• _Records shown_
──────────
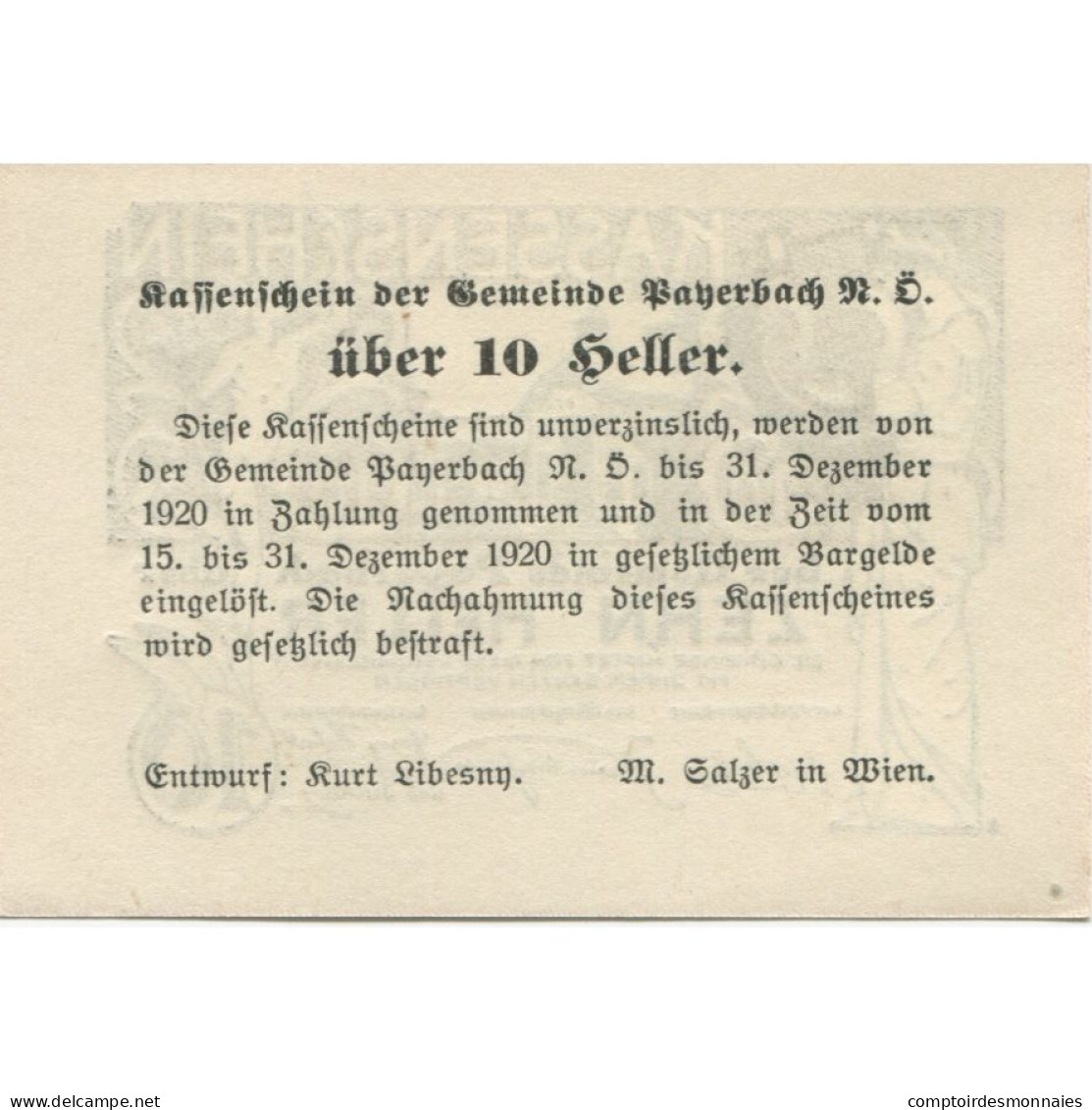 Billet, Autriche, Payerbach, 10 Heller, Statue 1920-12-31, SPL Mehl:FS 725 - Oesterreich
──────────
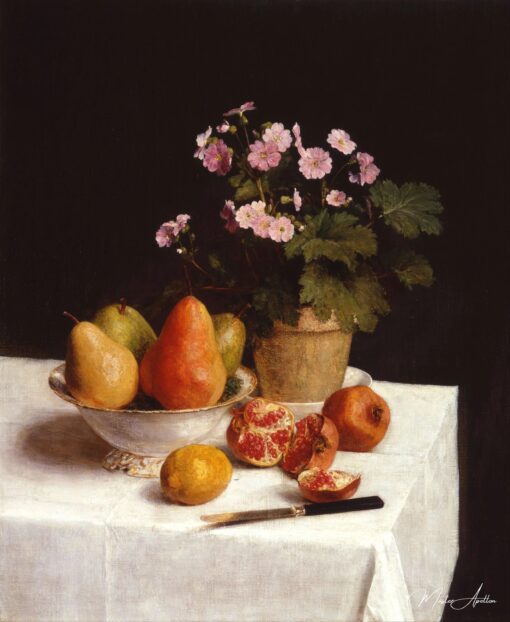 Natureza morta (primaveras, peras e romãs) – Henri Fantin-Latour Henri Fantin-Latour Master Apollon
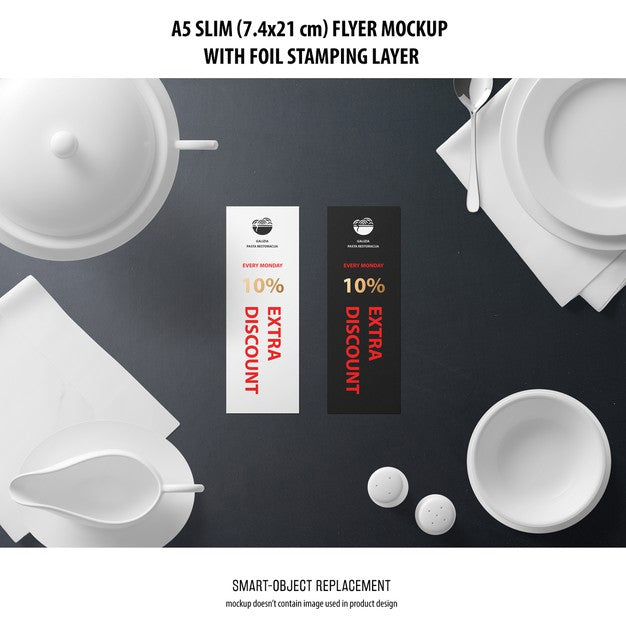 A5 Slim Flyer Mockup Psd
──────────
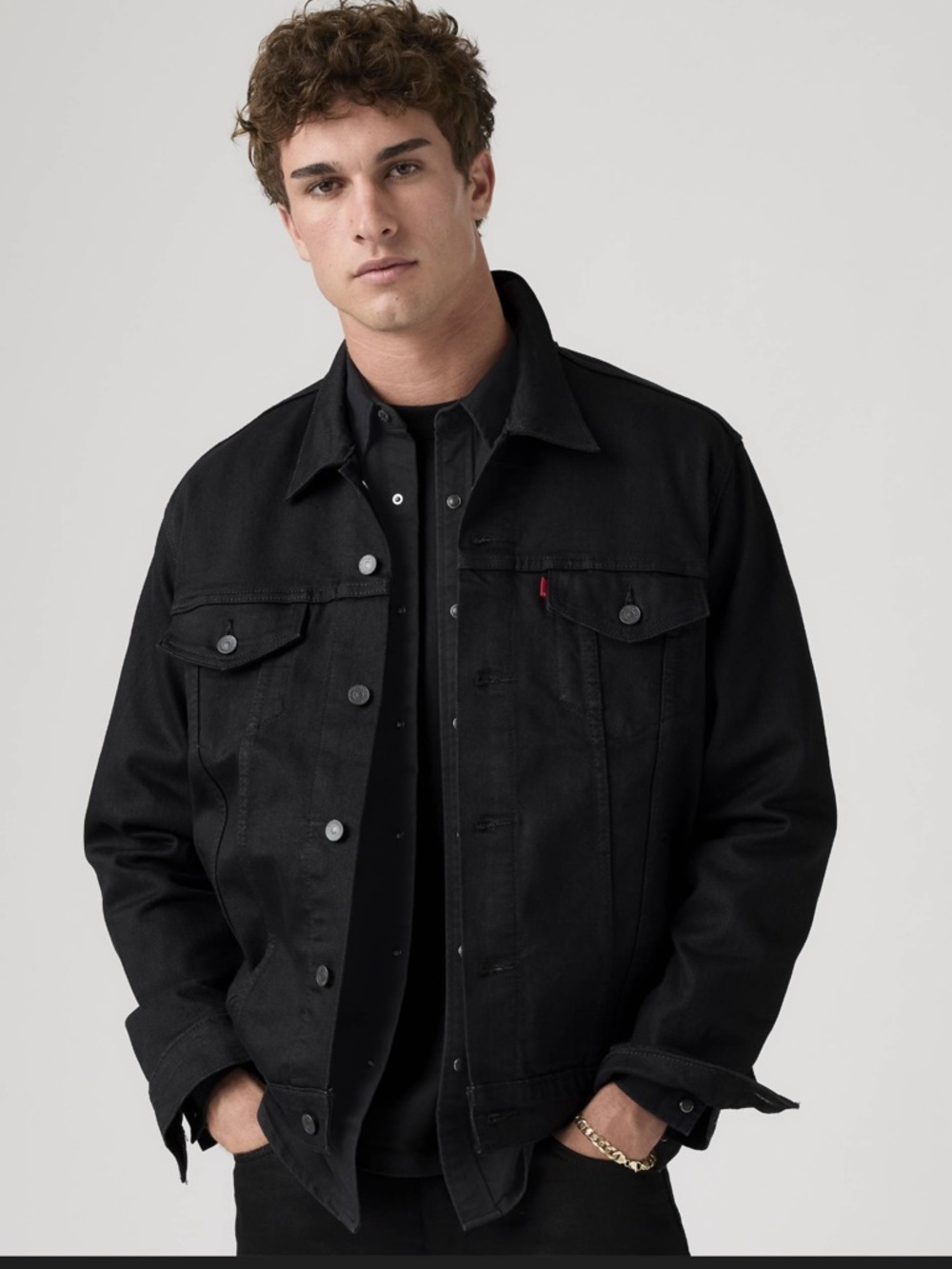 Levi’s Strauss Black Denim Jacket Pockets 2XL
──────────
• _Work to be completed_
Every line above in the stretch from the one with "Natureza morta (primaveras, peras" through the one with "A5 Slim Flyer Mockup Psd" is to be transcribed exactly, ends included. No picture is copied.

• _Solution_
 Natureza morta (primaveras, peras e romãs) – Henri Fantin-Latour Henri Fantin-Latour Master Apollon
 A5 Slim Flyer Mockup Psd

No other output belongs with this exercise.